Lib MP needs lesson on bees and the bees after comparing gay couples to cycling mates
Kevin Andrews launches his campaign against same-sex marriage on Sky News, yesterday:
Andrews: There are all kinds of affectionate relationships. I have an affectionate relationship with you, Sam.
Samantha Maiden: We’re not married.
Andrews: That’s right, we’re not married.
Maiden: You have a very lovely wife.
We assume this going somewhere. Andrews on Sky News, continued:
I have affectionate relationships with my cycling mates, who I go cycling with on the weekend, but that’s not marriage.
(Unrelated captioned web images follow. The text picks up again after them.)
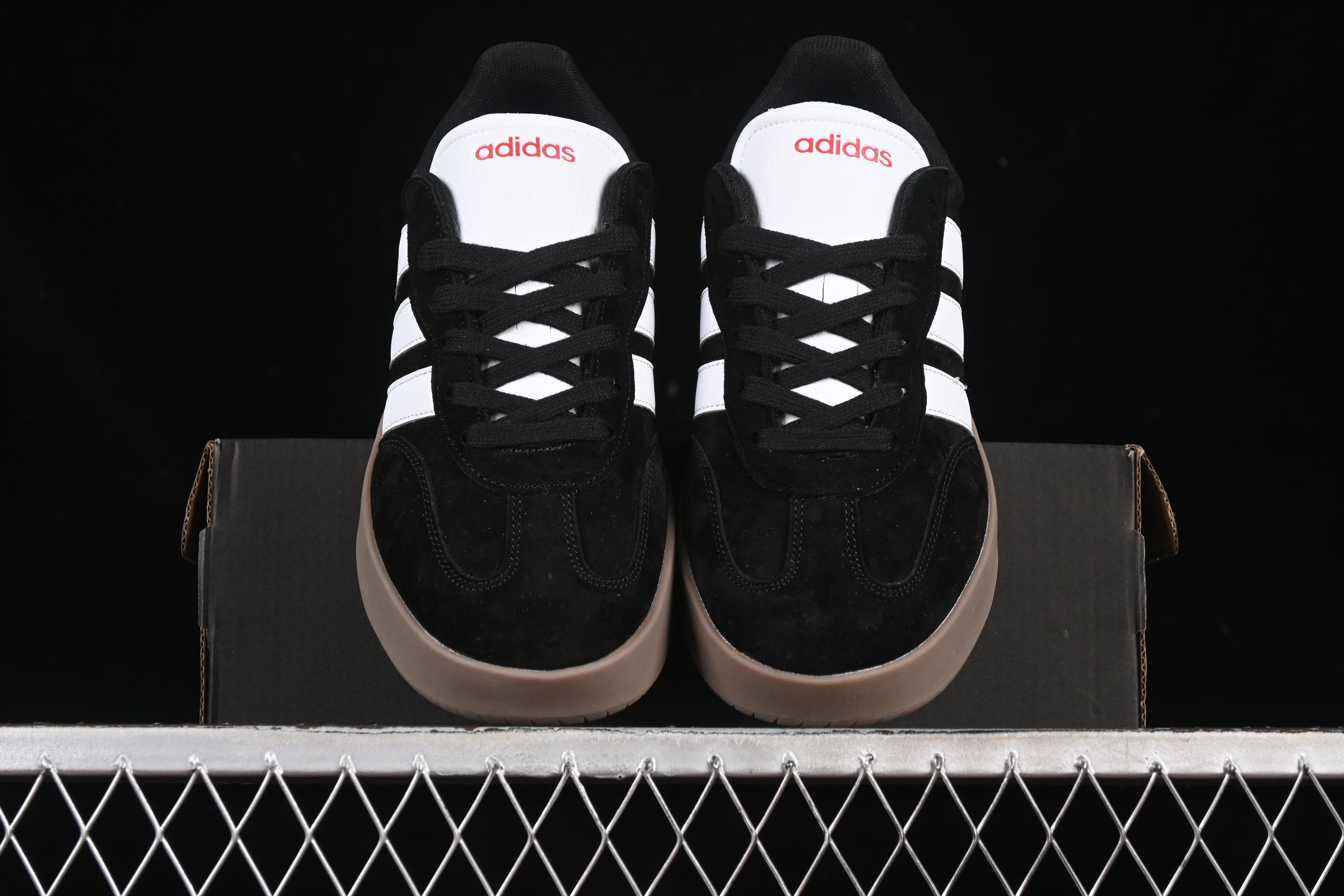 Adidas Barreda Comfortable Cushion Low Top Casual Sneakers - JQ4235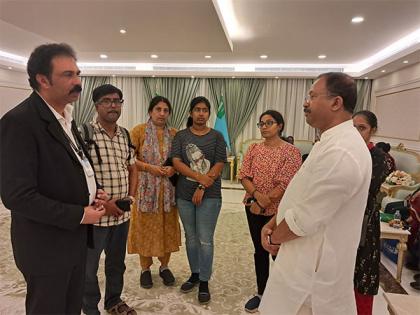 MoS V Muraledharan receives family of Albert Augestine, who died in strife-torn Sudan | MoS V Muraledharan receives family of Albert Augestine, who died in strife-torn Sudan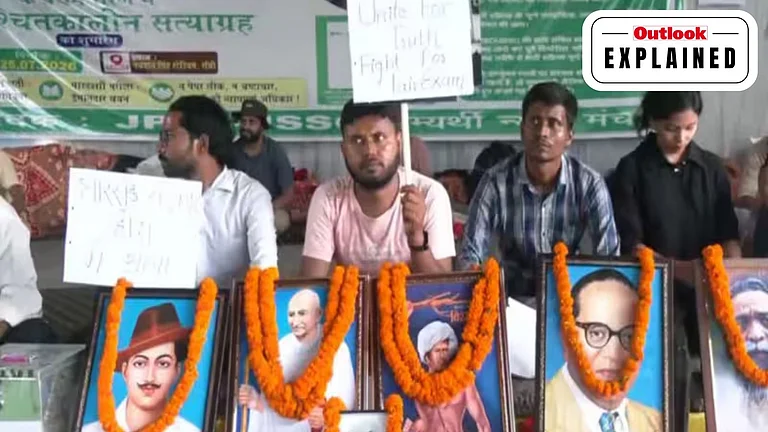 Students gather in Ranchi as the indefinite Satyagraha against alleged JPSC, JSSC recruitment irregularities - ANI
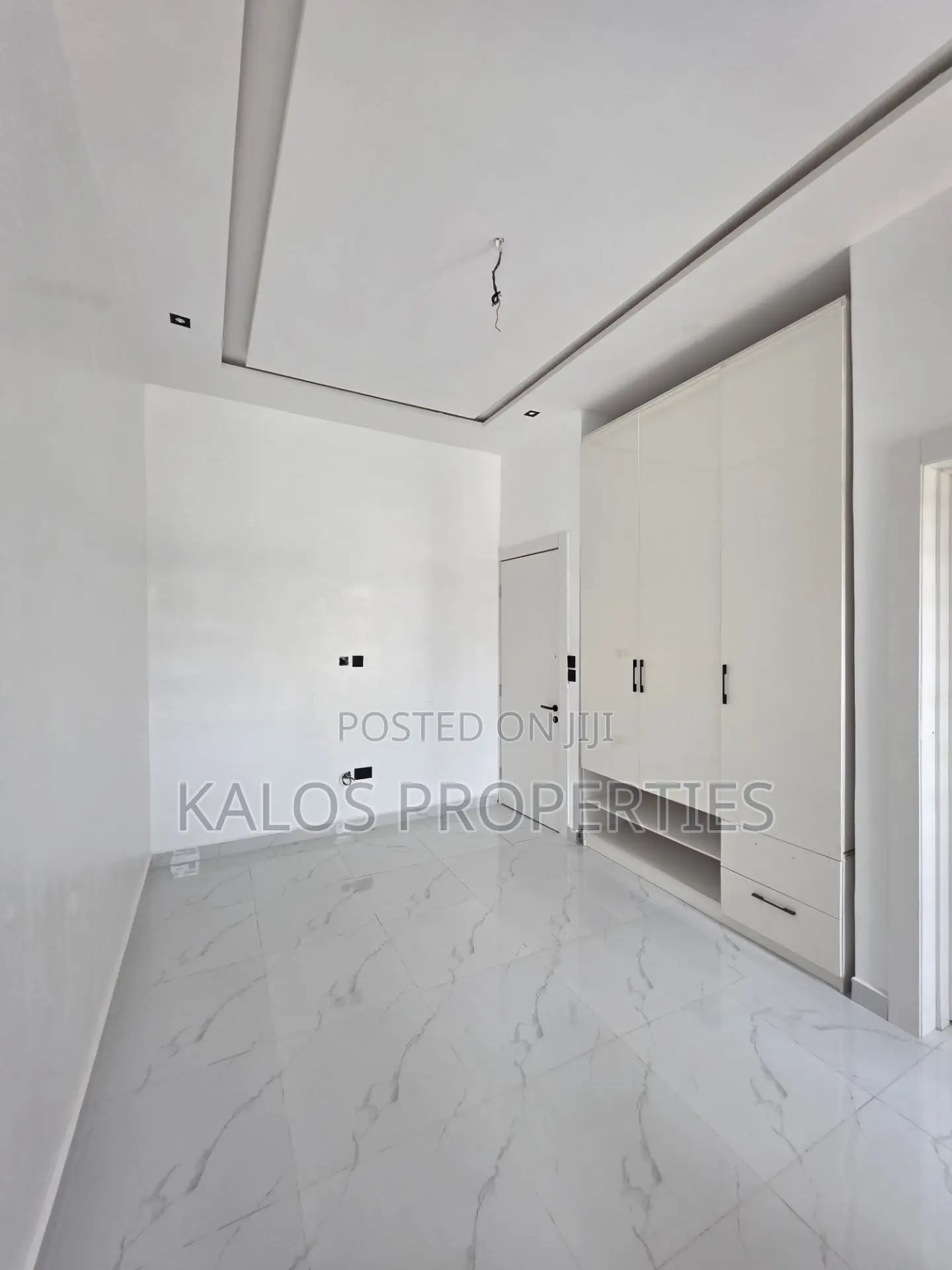 4 Bedroom Detached Duplex for Sale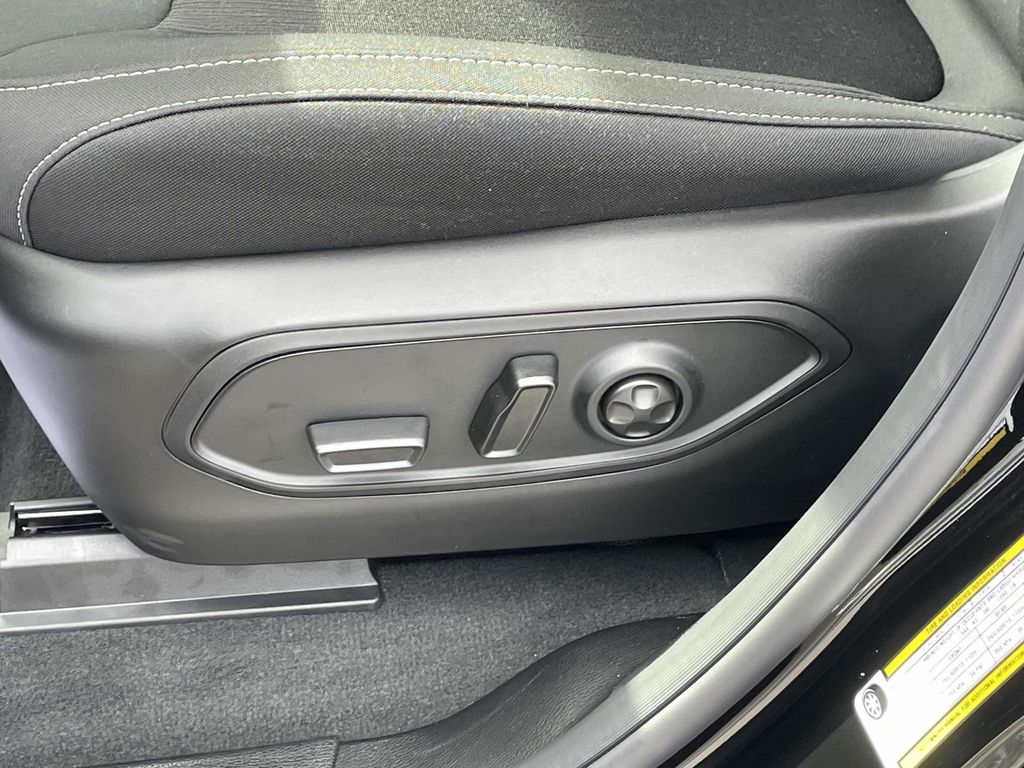 2025 Jeep Grand Cherokee Laredo X photo 24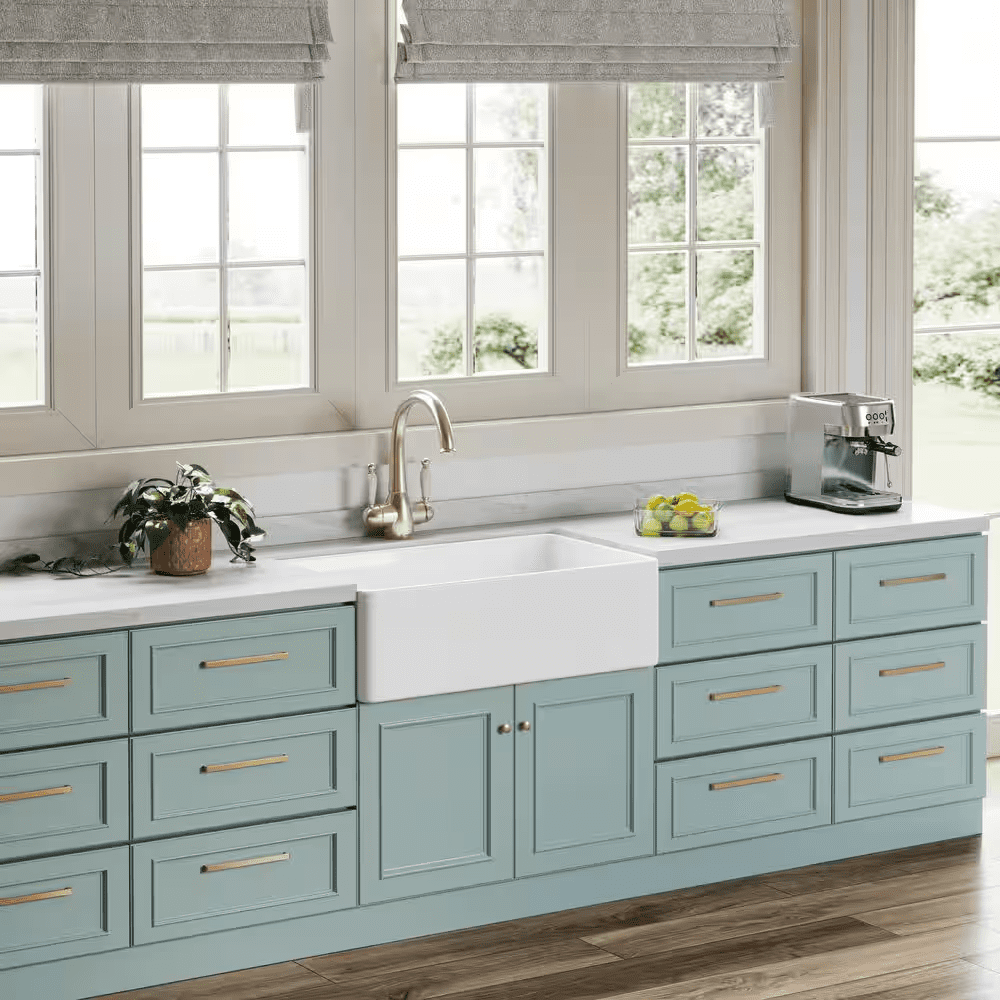 White Fireclay 33 In. Single Bowl Kitchen Sink Farmhouse Apron Front with Bottom Grid and Strainer - Image 2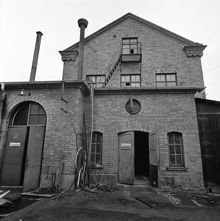Parti av äldre fabriksbyggnad. Från söder. Bällstavägen 11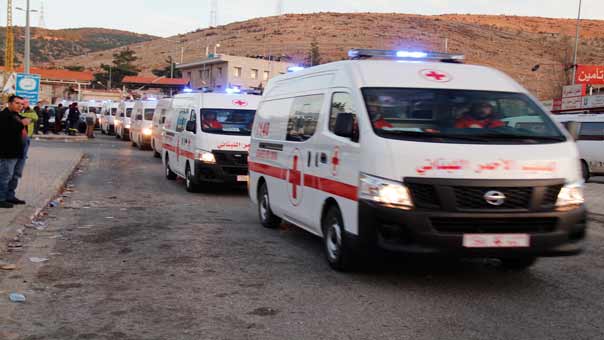 سيارات الصليب الاحمر اللبناني التي تقل جرحى مسلحي الزبداني عند نقطة المصنع اللبناني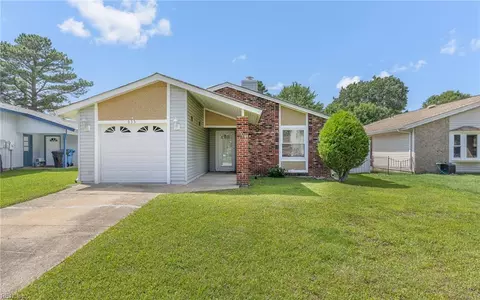 635 Orangewood Dr, Virginia Beach, VA 23453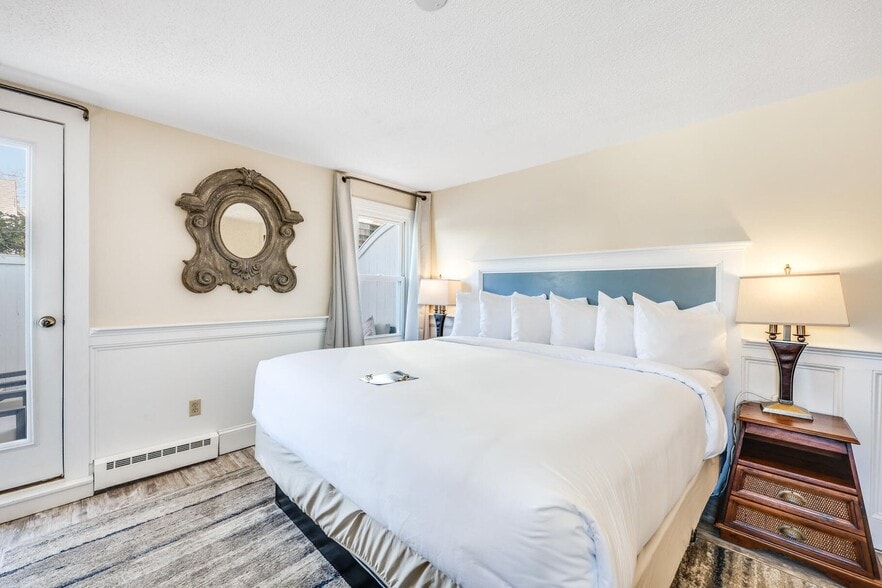 More Photos Of 7 Central St, Provincetown Hotel For Sale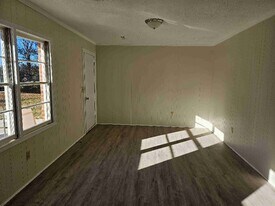287 Oliver Dr in Bassett, VA - Building Photo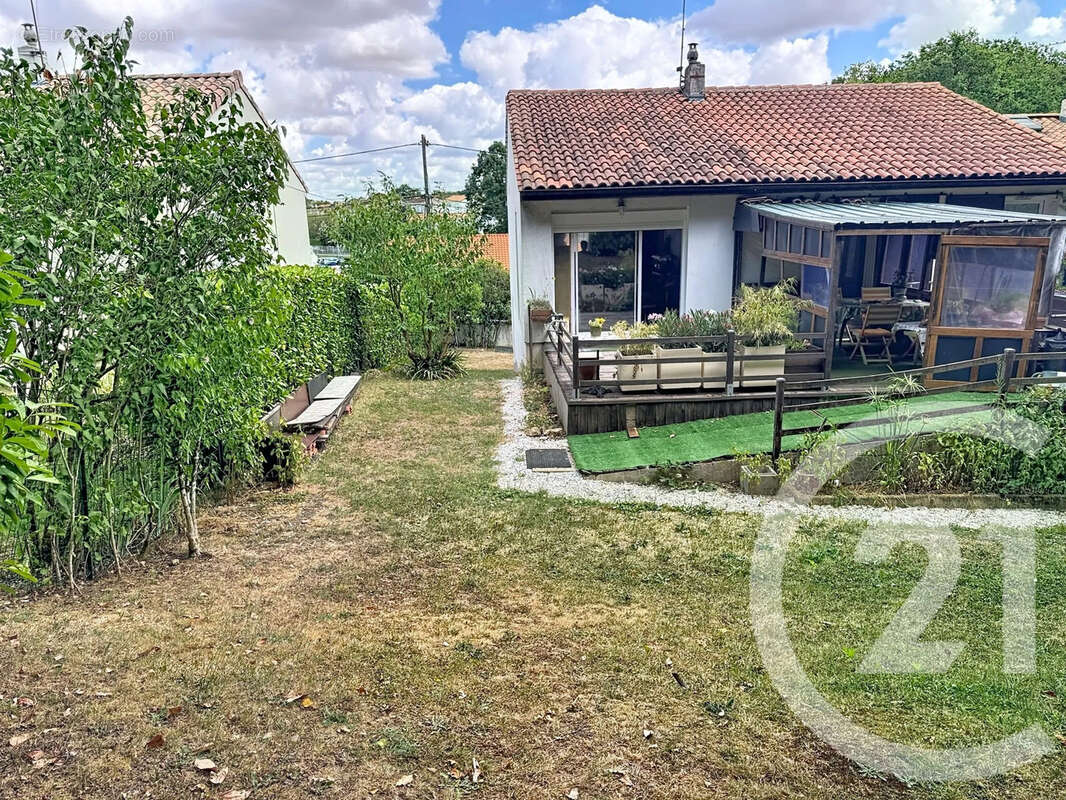 Maison 103 m² à Soyaux  - photo 8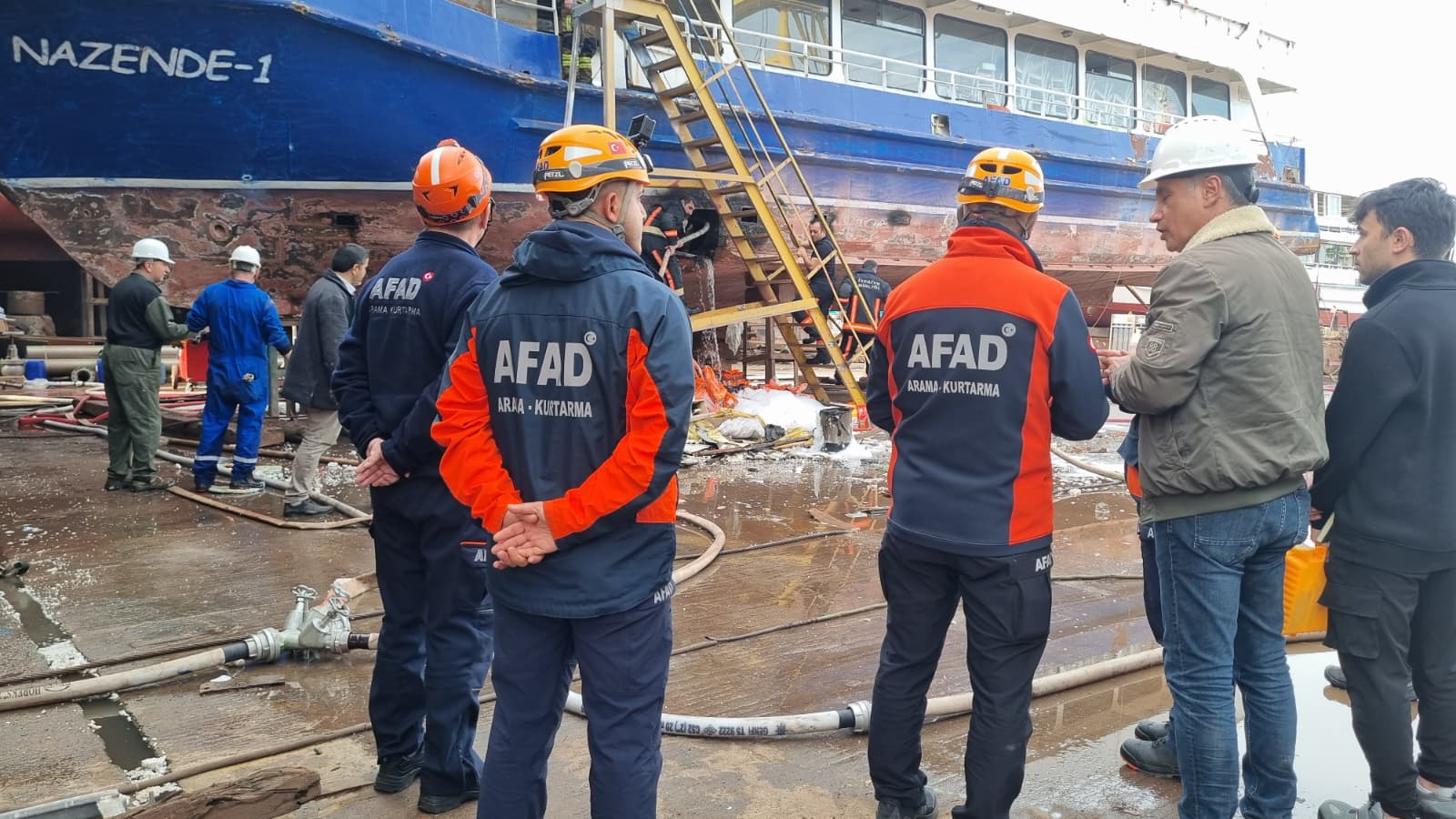 Yalova Altınova’da Tersanedeki Gemi Yangını Büyümeden Söndürüldü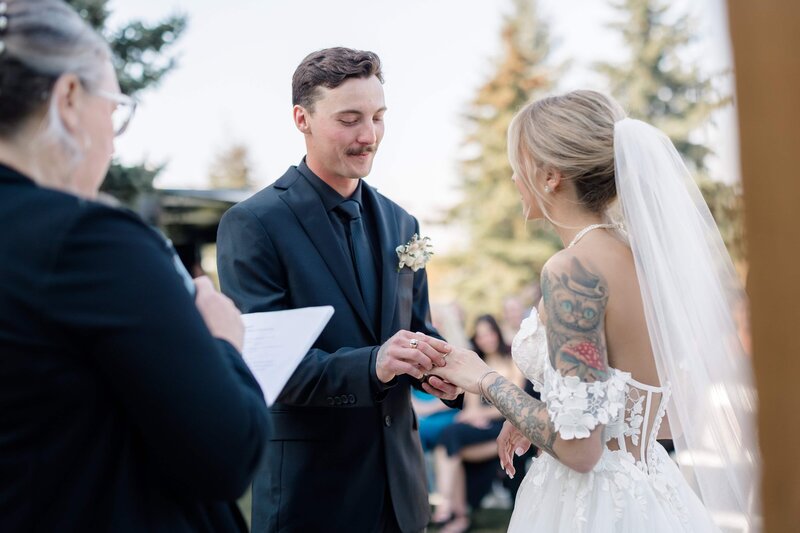 Edmonton Wedding Photos - Pine and Pond Wedding Venue (123)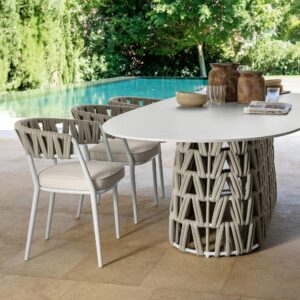 talenti_swipe_dining_table_small_lifetyle_2_corefurniture_online
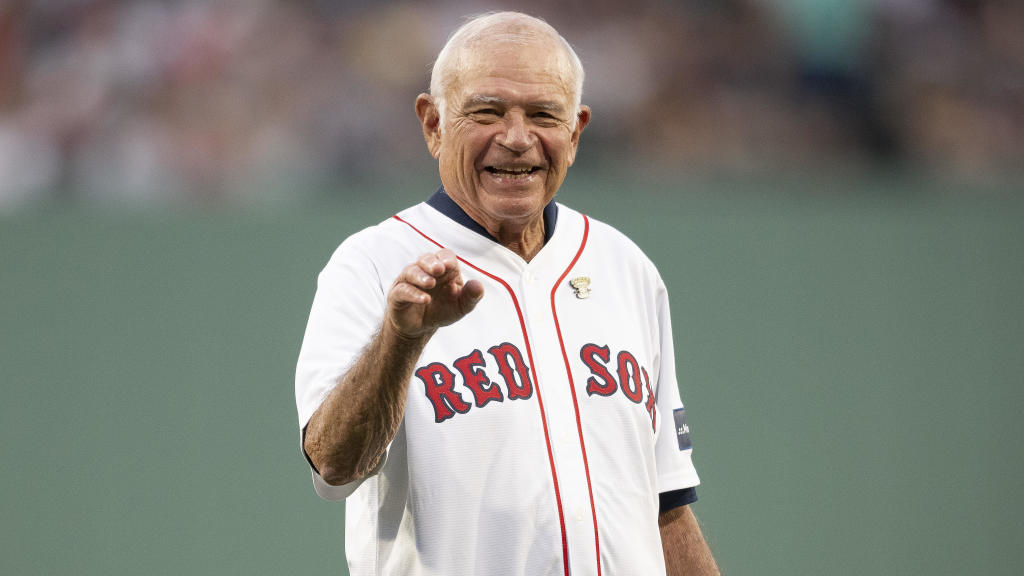 Joe Castiglione announces retirement after 2024 Red Sox season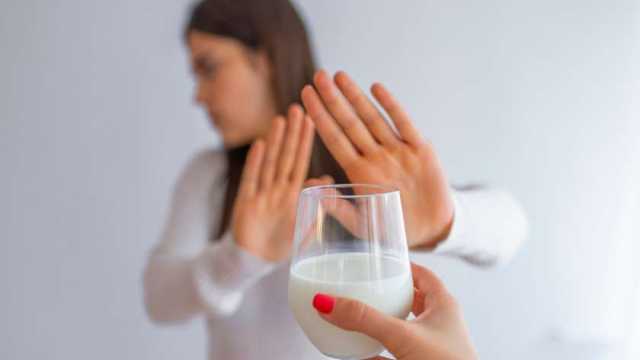 ما أعراض حساسية الحليب ومتى تظهر؟.. راقبي هذه العلامات على طفلك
Hey, mate, gay people aren’t friends they, umm, actually have sex. The Oxford English Dictionary’s definition of homosexuality:
Feeling or involving sexual attraction to people of the same sex.
You get that, yeah? Sky News, continued:
Political reporter Tom Connell: Are you saying that same-sex relationships don’t have the same depths?
Andrews: No, I’m not saying that …
Is this like the time Queen Victoria refused to ban lesbian sex? Victoria and Albert Museum website:
Lesbian and Sapphic came into use as terms for female relationships. Apocryphally, these were also due to be criminalised in the 1885 legislation (which banned gay sex between men), until Queen Victoria declared them impossible, whereupon the clause was omitted …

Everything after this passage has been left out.